Vak kerkgeschiedenis relativeert eigen gelijk
Het nut van kerkgeschiedenis is dat zij het eigen standpunt relativeert. Kerkgeschiedenis is voor velen identiek met narigheid en ruzie. „In Apeldoorn hebben we meegekregen dat 75 procent van alle kerkelijke conflicten terug te voeren zijn op personen, op mensen die gewoon weg moesten, of die anders waren.” Dat zei prof. dr. H. J. Selderhuis donderdag in Ede tijdens een studiedag op de Christelijke Hogeschool Ede (CHE) over het onderwerp ”Schrijft de kerk geschiedenis?”
De Apeldoornse kerkhistoricus was ingehuurd om te spreken over het nut van kerkgeschiedenis in het voortgezet onderwijs. Hij begon zijn lezing met enkele schrijnende voorbeelden van onkunde. Van een groep catechisanten van zestien jaar wist er slechts één wie Abraham Kuyper was. „Ik dacht, gelukkig! Toch nog één. Toen ik vroeg wat hij van Kuyper wist, zei hij dat hij op een Kuyper-school gezeten had.”

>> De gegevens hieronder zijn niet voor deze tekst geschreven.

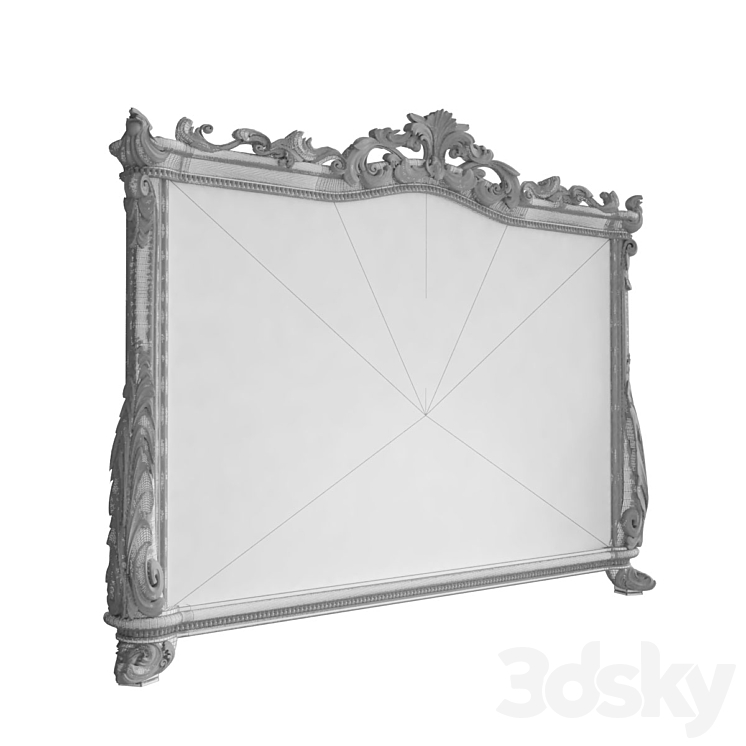 Socci grand Palace models MIRROR 3D Model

Een afgestudeerd vwo-leerlinge zei bij het noemen van de naam Luther: O, dat is die man die is doodgeschoten. Toen prof. Selderhuis daarop stelde dat dat Martin Luther King was, antwoordde het meisje dat zij nooit van Luther had gehoord.
Bestrijden
Prof. Selderhuis noemde enkele belangrijke aspecten van het nut van kerkgeschiedenis: zij kan naast het relativeren van het eigen kerkelijke standpunt ook ideologieën bestrijden, zoals het nazisme. Kerkgeschiedenis geeft zicht op de actuele situatie van de kerk. Hoe kon het gebeuren dat er zo veel verschillende kerken in Nederland ontstonden en dat het calvinisme bij ons zo’n negatieve klank heeft gekregen? Waarom is de ontwikkeling in Noord-Amerika, waar godsdienst een belangrijke publieke betekenis heeft, zo anders gegaan dan in West-Europa?

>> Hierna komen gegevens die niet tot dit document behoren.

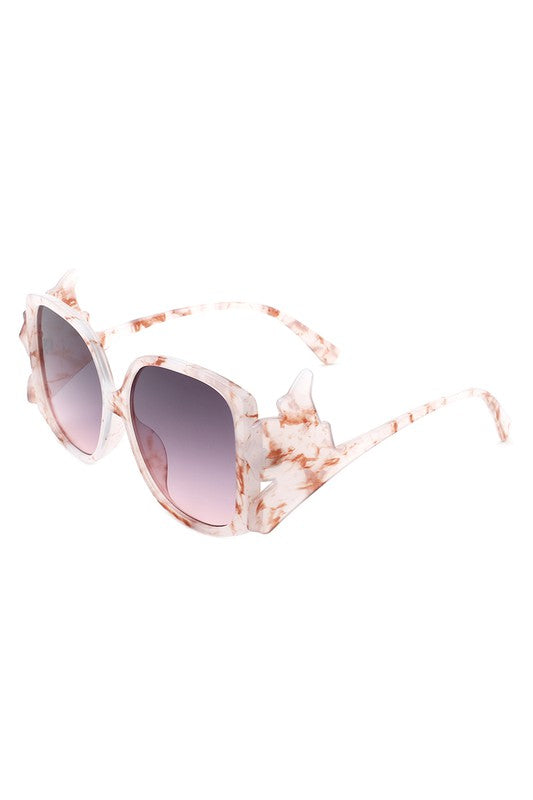 Oversize Irregular Large Fashion Square Sunglasses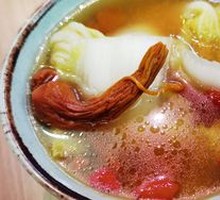 Chicken Soup with Baby Bok Choy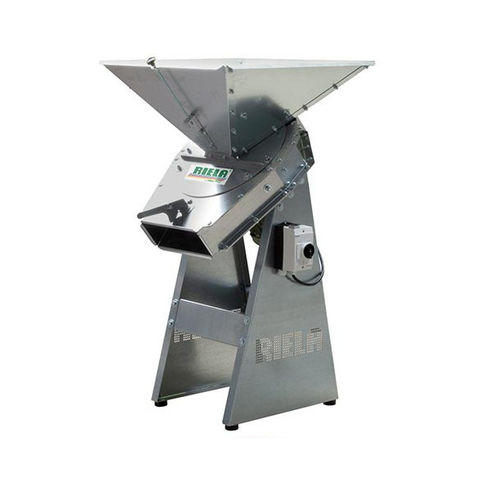 Grain mill - RIELA Getreidetechnik Karl-Heinz Knoop e.K. - stationary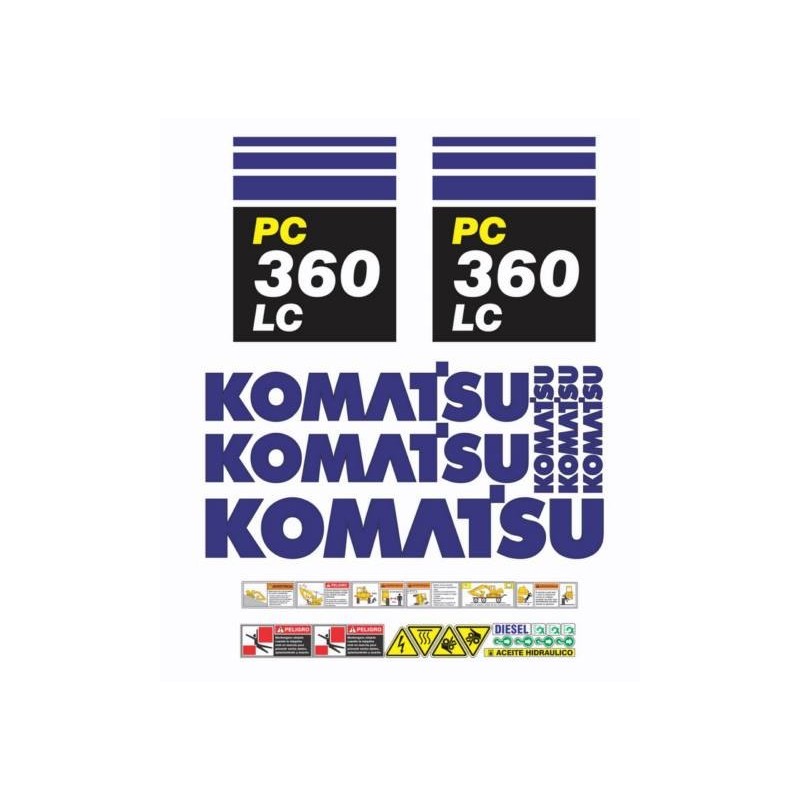 KOMATSU PC360LC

Kerkgeschiedenis geeft zicht op de kerk dichtbij én veraf. „Wie is er nog meer dan wij alleen? Hoe komt het dat er meer vormen van christenzijn in onze samenleving zijn dan wij veronderstellen?” Prof. Selderhuis bepleitte het dichterbij brengen van kerkgeschiedenis door de actualiteit ervan in lessen te onderstrepen. „Iemand die er moeite mee heeft om belijdenis te doen, kan zich troosten met het voorbeeld van Luther. Hij probeerde zo heilig en goed mogelijk te leven en liep daarmee compleet vast. Het is goed om een les te beginnen met Luthers uitspraak: „Ik haat God. Hij vraagt dingen die ik niet kan, en Hij weet dat.”
Troost
Prof. Selderhuis stelde dat studie van de kerkgeschiedenis wijst op een belangrijke bron van troost en zekerheid: de poorten van de hel zullen Gods Koninkrijk niet overweldigen. „De kerk is meer dan een sociologisch verschijnsel. Zij is het Lichaam van Christus, dat geschiedenis heeft. In de kerkgeschiedenis zien we de weg die God met Zijn kerk houdt.”

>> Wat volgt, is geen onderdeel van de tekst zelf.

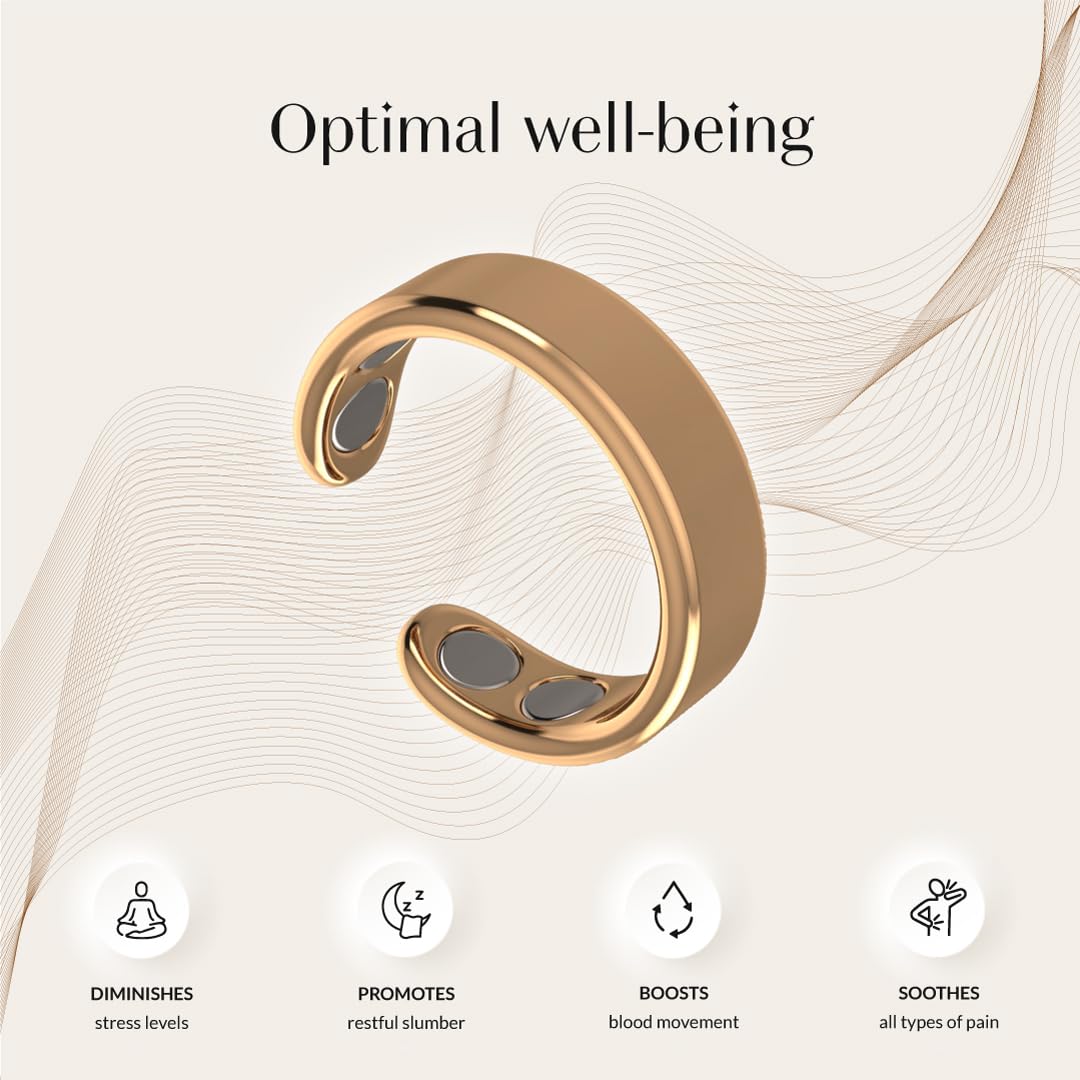 CALMI four magnets wearable field accessory encourages gentle support.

De Apeldoornse hoogleraar waarschuwde voor verabsolutering van eigen kerkelijke traditie. „Durven wij ook het eigen kerkelijk standpunt kritisch te wegen? Voor sommigen begint de kerk pas in 1517, bij de Reformatie, voor anderen zelfs later, maar ook de vrouwenmystiek in de Middeleeuwen behoort bij de kerk.”
Tijdens de discussie vroeg iemand of er sprake was van de hand Gods in de geschiedenis van de kerk. „De leiding Gods geeft zekerheid, maar het is moeilijk om die concreet te maken”, zei prof. Selderhuis. „We zitten nu in een fase waarin veel aandacht is voor de menselijke factoren van de geschiedenis.”
Wat is de constante dan? „De kerk, de gemeente van Christus, gaat nooit ten onder. Als er één godsbewijs is, dan is het wel het bestaan van de kerk.”
Betere invulling
Tijdens de studiedag werden diverse workshops gehouden. J. C. Weststrate, docent godsdienst aan de reformatorische scholengemeenschap Jacobus Fruytier in Apeldoorn, bepleitte een betere invulling van de lessen van kerkgeschiedenis. „Het vak is op een christelijke school vanzelfsprekend, maar een vernieuwende aanpak ontbreekt. Leerlingen zijn steeds moeilijker te interesseren voor de achtergrond van de verschillende kerken.”
Weststrate signaleerde binnen het reformatorisch onderwijs een gebrek aan publicaties over doelstellingen en didactiek van het vak kerkgeschiedenis en het ontbreken van een goede methode.